In this work, we have experimentally demonstrated an OAM-beam-converting metasurface enabled by the Mie-resonances of the ChG cubes operating at the telecommunication wavelength. We designed and fabricated the beam converter switching an HG mode to an OAM beam. The fabrication of the ChG film requires only single-step lithography. Moreover, ChG possesses relatively large third-order nonlinearity at near-infrared wavelengths. A nonlinear metasurface which can generate reconfigurable OAM beams with opposite topological charges is designed and demonstrated theoretically. With an HG input beam, the output of the metasurface in the linear regime has a helical wavefront and carries an OAM with topological charge plus one. When the input intensity increases to a specific value in the nonlinear regime, the output wavefront is still helical but twisted in the opposite direction than in the linear regime, which leads to a negative charge of the OAM carried by the beam. The experimental realization of the nonlinear tunable metasurface might be enabled with the use of silver-doped As${}_2$S${}_3$, which is characterized by a nonlinear coefficient two orders of magnitude larger than that of a pure As${}_2$S${}_3$ film. This direction will be explored in future studies and the results will be presented elsewhere.

4. Materials and Methods

Design: we used the CST Microwave Studio Frequency Solver to design the linear metasurface. The refractive indices of materials were measured using a spectroscopic ellipsometer. The nonlinear simulations were performed in Comsol Multiphysics. The nonlinear coefficient was measured using a in-home Z-scan setup.

Sample fabrication: an array of square chromium windows with size 150 $\mathsf{\mu }$m × 150 $\mathsf{\mu }$m was fabricated on a glass substrate. Then, the As${}_2$S${}_3$ film with the thickness of 500 nm was deposited on top via thermal evaporation in a Lesker PVD 75 deposition system equipped with a low temperature evaporation source. During the deposition, the substrate temperature was maintained at approximately $20{}^{\circ }$C. Inside each of the Cr windows, the ChG was patterned with a square array of blocks using electron-beam lithography (Vistec EBPG5000+ 100KV) with dosage $10.5$ mC/cm${}^2$. The area of the pattern is 132 $\mathsf{\mu }$m × 132 $\mathsf{\mu }$m. The chromium around the sample played a double role: (i) it enhanced the reflectivity of the substrate enabling automatic sample alignment, and (ii) it increased the sample conductivity allowing us to avoid accumulation of charges. After exposure, the sample was immersed in a 1:1 mixture of Microposit MF-319 developer and deionized water for 32 seconds to develop. After the development, the parts unexposed by the electron beam have been removed and the thickness of the sample was found to be 400 nm using the atomic-force microscopy. Finally, six layers of Poly(methyl methacrylate) were spin-coated on the sample to provide a symmetric refractive index.

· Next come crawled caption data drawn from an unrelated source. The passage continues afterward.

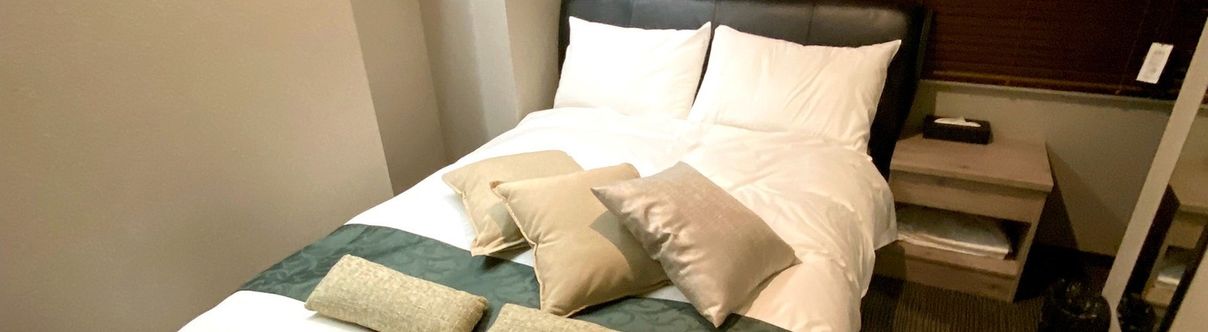 기타 Hotel Prezier Akihabara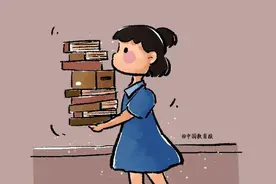 期中考试后，如何帮助孩子发现问题、解决问题？这些方法请收好→ | 精选图片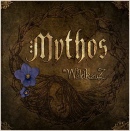 mythos cover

Experiment: to characterize the fabricated metasurface, we built a Mach–Zehnder interferometer, as shown in Figure 4e. To generate an HG mode, a phase plate was inserted in the main beam path. A glass substrate spin-coated with a layer of S1813 photoresist was used as a phase plate to delay the one part of the beam by half of the wavelength. The photoresist on half of the substrate was removed using photolithography. The edge of the photoresist was placed at the center of the main beam and a spatial light filter was placed after the phase plate to filter the HG mode.

Data availability: the data that support the findings of this study are available from the authors on reasonable request, see author contributions for specific data sets.